A garden to commemorate the landscape architect Jo Yeates was created within the setting of an enhanced butterfly meadow, incorporating a sculptural bench, path and interpretation board.

As a result of Jo Yeatesʼ tragic and untimely death, the LISE (Landscape Institute South East Branch) suggested a memorial should be made by the Landscape institute and its members. Members volunteered their services and a site was sought. The appropriateness of Sir Harold Hillier Gardens is in its proximity to where her parents live, where she worked as a student and in the fact that although itʼs a public gardens, it has controlled access.

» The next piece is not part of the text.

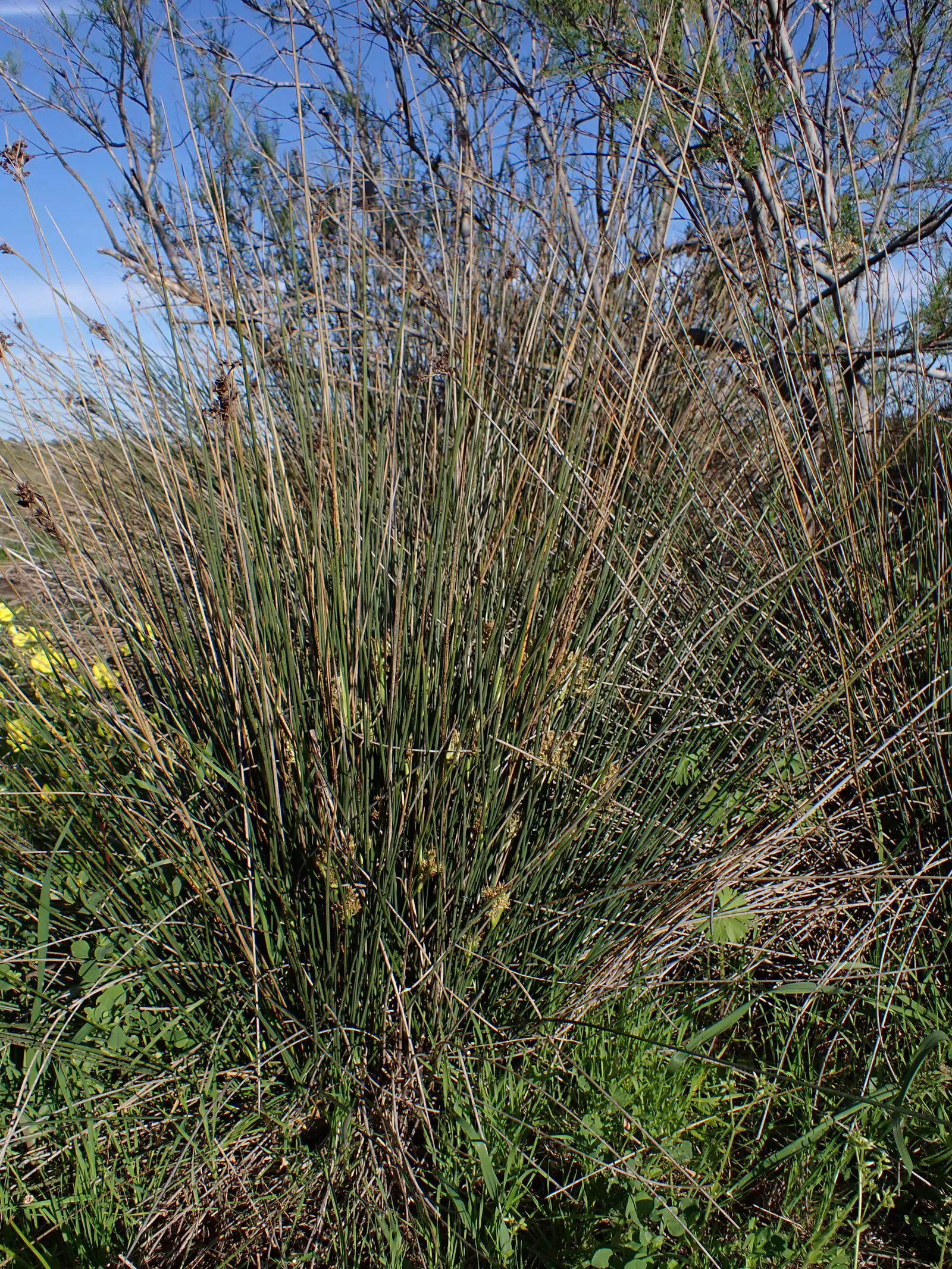 Spiny Rush (Juncus Acutus) — This hardy rush can reach a height of 1 to 3 feet; botanical Name: Juncus acutus<br>Common Name: Spiny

The intent was to allow the site to influence the design: to enhance an existing slightly scruffy meadow in order to attract more butterflies (and work with the butterfly garden theme suggested by Joʼs study at the garden), incorporate some of Joʼs favourite plants, and relate to the surrounding landscape and in particular the view of a lake and wider view out of the gardens. The philosophy was to enhance the biodiversity already there.

This project is unusual in terms of the stakeholder/contractor/designer/funding relationship (with no conventional client), and in how it adds value – particularly in how the professionʼs members and Institute worked together. It may act as a precedent or further inspire a newly emerging approach to memorial creation, where the reference to a person or event is not too literally represented physically on site.

The designers (one who had worked with her and the other a tutor at the university she studied at) set about creating a brief (and then design) that fitted her personality, student butterfly study and the chosen location within the gardens, and the wishes of her parents and the Garden Panel at Sir Harold Hillier Gardens. This involved periodic reviews and checking against the predicted fundraising progress as well as using the
related publicity to help in this call for donations.

The process was very much designed to be inclusive at any level to those who wanted: from the extraordinary goodwill shown through donating money to being involved in the two planting days (May and September 2012) and opening ceremony (June 2012). At least 50 people participated in each event. Discussion and design sessions involved the garden staff, Gardens Panel, Landscape Institute Council and local Branch, and the outcome fed into the refinement of the design. The Gardensʼ staff assisted in planting and plant arrangement and will continue to be involved in maintenance.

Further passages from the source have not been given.